Data utilities — Functions for coalescing, merging, date handling and normalizing

Stability Level

Stable, unless otherwise indicated

Synopsis

#include <libtracker-extract/tracker-extract.h>

gchar*              tracker_coalesce                    (gint n_values,
                                                         ...);
const gchar*        tracker_coalesce_strip              (gint n_values,
                                                         ...);
gchar*              tracker_merge                       (const gchar *delimiter,
                                                         gint n_values,
                                                         ...);
gchar*              tracker_merge_const                 (const gchar *delimiter,
                                                         gint n_values,
                                                         ...);
gssize              tracker_getline                     (gchar **lineptr,
                                                         gsize *n,
                                                         FILE *stream);
gchar*              tracker_text_normalize              (const gchar *text,
                                                         guint max_words,
                                                         guint *n_words);
gboolean            tracker_text_validate_utf8          (const gchar *text,
                                                         gssize text_len,
                                                         GString **str,
                                                         gsize *valid_len);
gchar*              tracker_date_format_to_iso8601      (const gchar *date_string,
                                                         const gchar *format);
gchar*              tracker_date_guess                  (const gchar *date_string);

Description

This API is provided to facilitate common more general functions which extractors may find useful. These functions are also used by the in-house extractors quite frequently.

Details

tracker_coalesce ()

gchar*              tracker_coalesce                    (gint n_values,
                                                         ...);

Warning

tracker_coalesce has been deprecated since version 1.0 and should not be used in newly-written code. Use tracker_coalesce_strip() instead.

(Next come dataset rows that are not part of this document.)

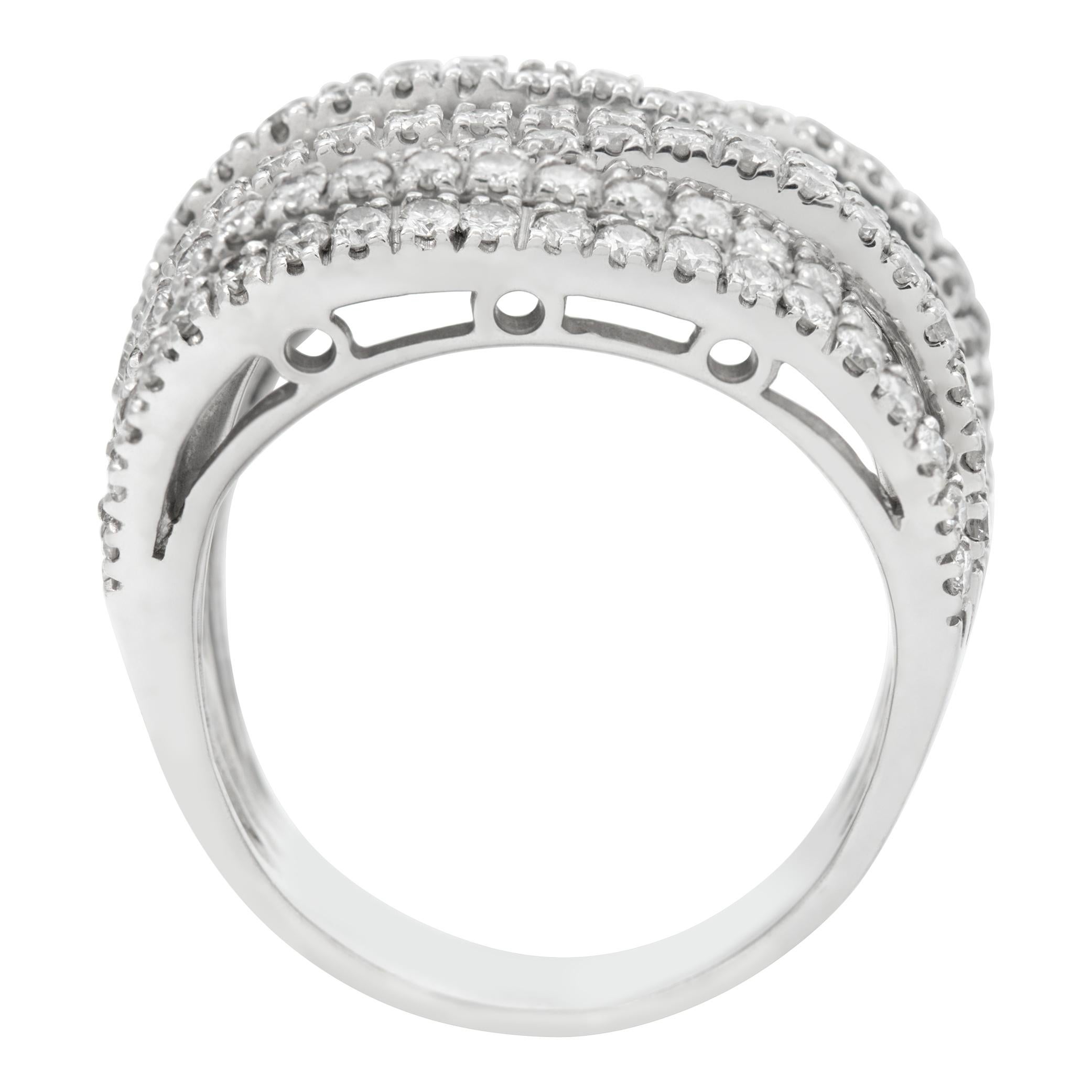 Bague large à sept rangs de diamants ronds de taille brillant en or blanc Pour femmes en vente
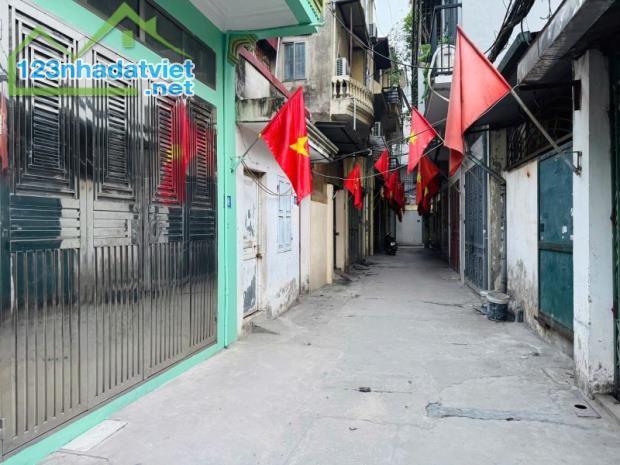 Bán nhà Kim Giang, Hoàng Mai. Gần KĐT Kim Văn Kim Lũ. 46m2 x 5 Tầng. GẦN Ô TÔ. 8 Tỷ 9 - 5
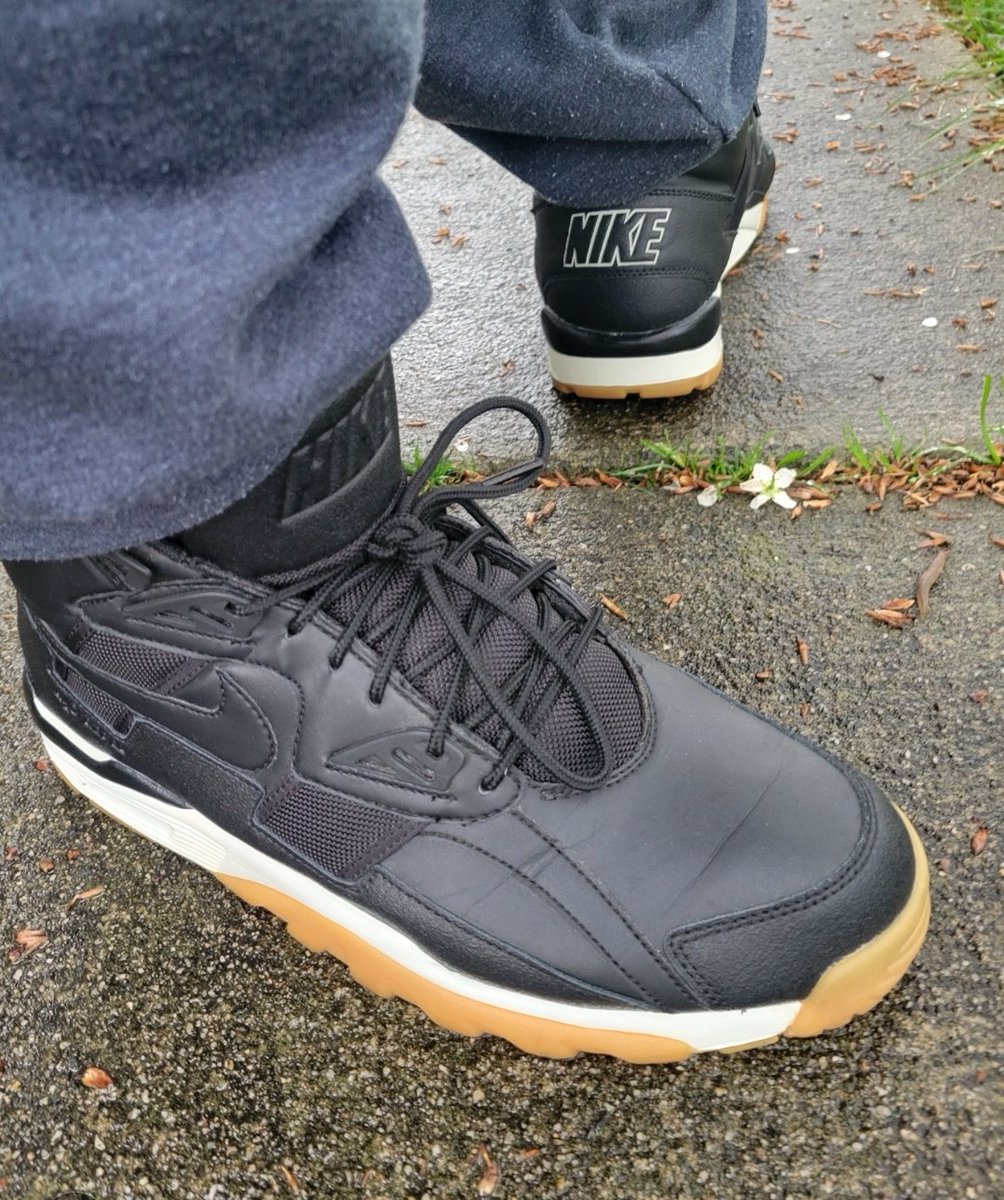 BEST_PURYEAR's tweet image. #BOJACKSON H²O REPEL #SCTRAINER 2
#WINTERIZED ❄️ 

My most trusted 🌧 day sneaker....

I kick myself for not copping the green khaki colorway...

2017
Nike Air Trainer SC Winter Mens Shoes Black/Black/Sail aa1120-001
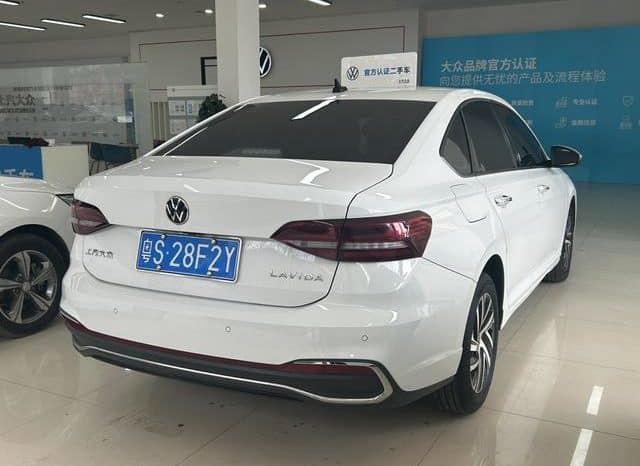 
								Volkswagen Golf 7 (Lavida), 2022 full									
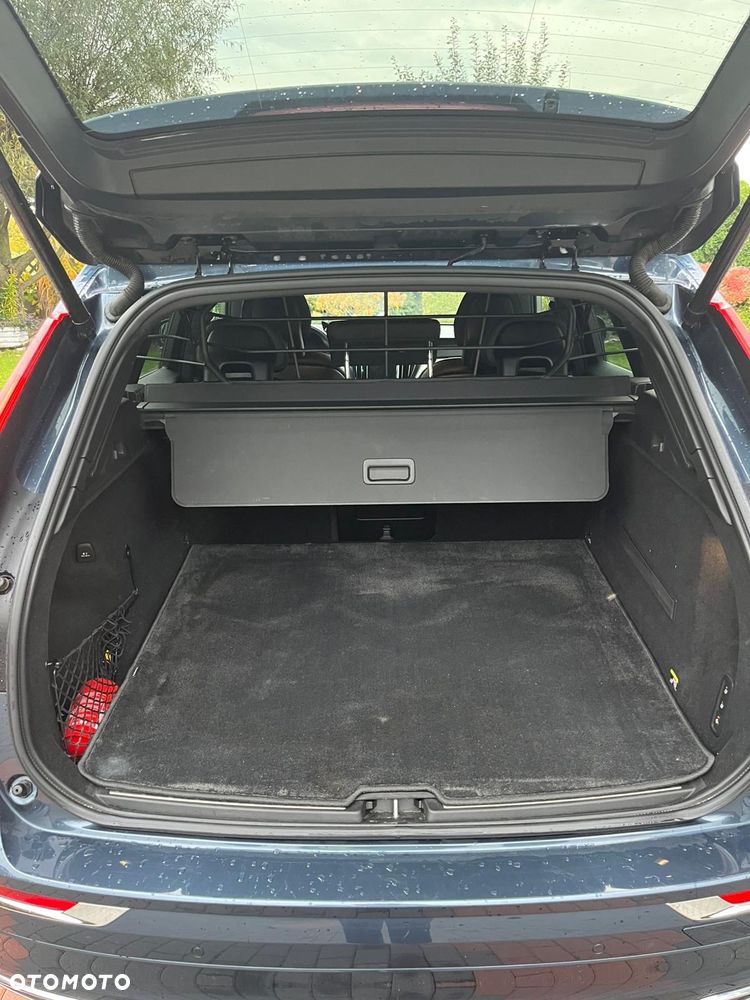 Volvo XC 60 D5 AWD Inscription - 7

This function iterates through a series of string pointers passed using Varargs and returns the first which is not NULL, not empty (i.e. "") and not comprised of one or more spaces (i.e. " ").

The returned value is stripped using g_strstrip(). All other values supplied are freed. It is MOST important NOT to pass constant string pointers to this function!

n_values :

the number of Varargs supplied

... :

the string pointers to coalesce

Returns :

the first string pointer from those provided which matches, otherwise NULL.

Since 0.8


tracker_coalesce_strip ()

const gchar*        tracker_coalesce_strip              (gint n_values,
                                                         ...);

This function iterates through a series of string pointers passed using Varargs and returns the first which is not NULL, not empty (i.e. "") and not comprised of one or more spaces (i.e. " ").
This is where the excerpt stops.